Full recovery to record 2019 levels of 18.4 million passengers will take a few years but the airport benefits from its hub status and long-term airline agreements that gird financial performance in the near term, Fitch said.

Passenger levels plummeted by 61% to seven million in fiscal 2020 and through the first four months of fiscal 2021 they are on the mend but remained depressed by about 52% from pre-pandemic 2019 levels. Fiscal 2020 airline revenues dropped by 18% to $146 million while non-airline revenues grew 1.9% to $219 million thanks to federal aid in the March 2020 CARES Act.

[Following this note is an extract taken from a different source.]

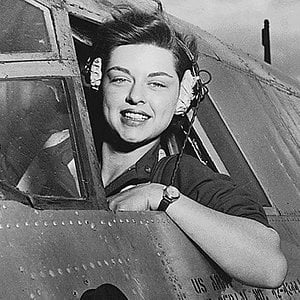 Elizabeth_Gardner_WASP_pilot_in_a_B-26_Maurader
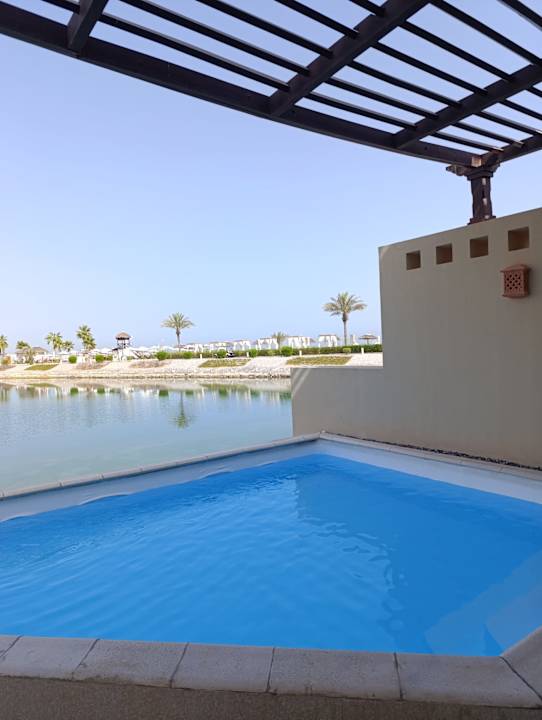 Zimmer The Cove Rotana Resort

The airport received $174 million, using about $113 million to offset terminal and landing fees, from CARES and the December 2020 federal package and will use the remainder in fiscal 2021. Additional funds are expected from the American Rescue Plan Act. The airport also cut costs to manage, deferred some projects, and last month opened a one-year $25 million credit line that has not yet been tapped.

Cost per passenger was $20.71 in 2020 up from $9.84 in 2019 but that was due to the pandemic’s blows. The fiscal 2021 level is projected at $16.08 and will drop to under $10 after a full rebound.

The authority was created by state statute in 2002 and operates as a separate legal entity from Wayne County though the county holds fee simple title to the primary airport real estate. The airport is located on 6,255 acres, 20 miles southwest of downtown Detroit and has four parallel north-south runways and two cross-wind runways and two terminals.